I could possibly feel more like my old self.

And maybe when something truly bad does happen, I’d be better equipped to handle it.

Although I’d never out-Martha Martha, I could definitely emulate her. I could live 2012 by adhering to her dictates from various television and radio shows, books, magazines, and Internet presences. The moniker of Omnimedia isn’t an exaggeration; name me a medium and she’s on it. I have so much respect for her level of saturation in our society.

I wonder exactly what would happen if I were to follow her advice from A(pple brown Betty) to Z(ip-line-attached Christmas ornaments).
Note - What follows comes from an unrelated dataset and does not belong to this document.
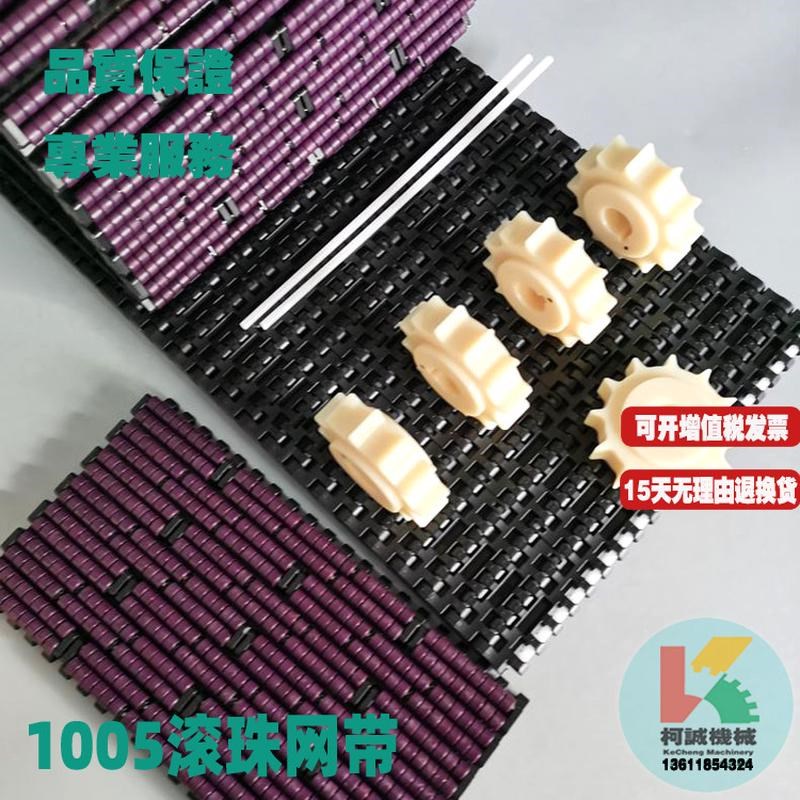1005滚珠塑料网带网炼板25.4节距滚轮无阻力紫色蓝滚珠传送输送带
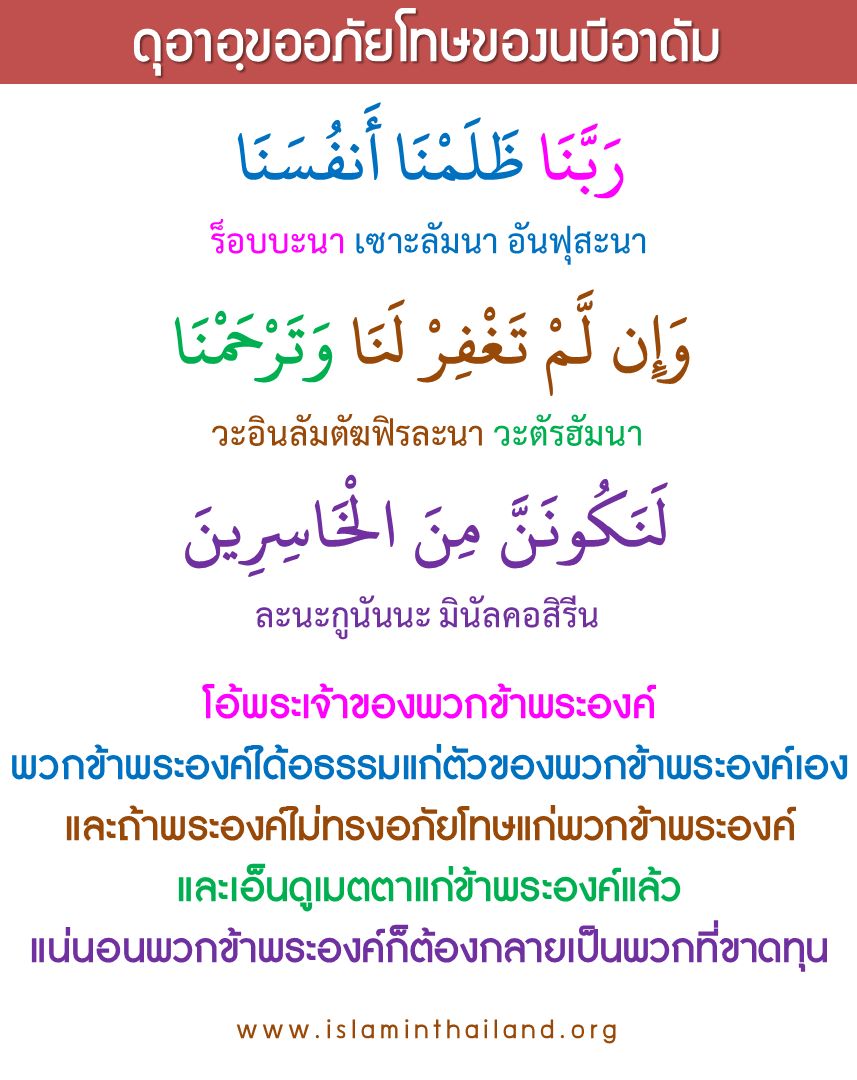 ดุอานบีอาดัม2.jpg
Would my life be easier—and Fletch less twitchy—if I used her tricks to get organized?

My guess is yes.

Could my dogs be more satisfied if I fed them what she gives to her French bullies, Sharkey and Francesca, and chow chow, Genghis II?

In terms of personal relationships, might I grow closer to my girlfriends who knit and sew when I finally show some interest in their boring-ass hobbies?

Would I morph from the person who gives guests a recipe and instructs them to start cooking to the hostess who goes ballistic if someone dares wear cream to my White Party?

And would that be the worst thing in the world?

Most important, could I be happier if I were to pattern my life from her recipe?

I plan to find out.

As soon as I finish with these damn curtains.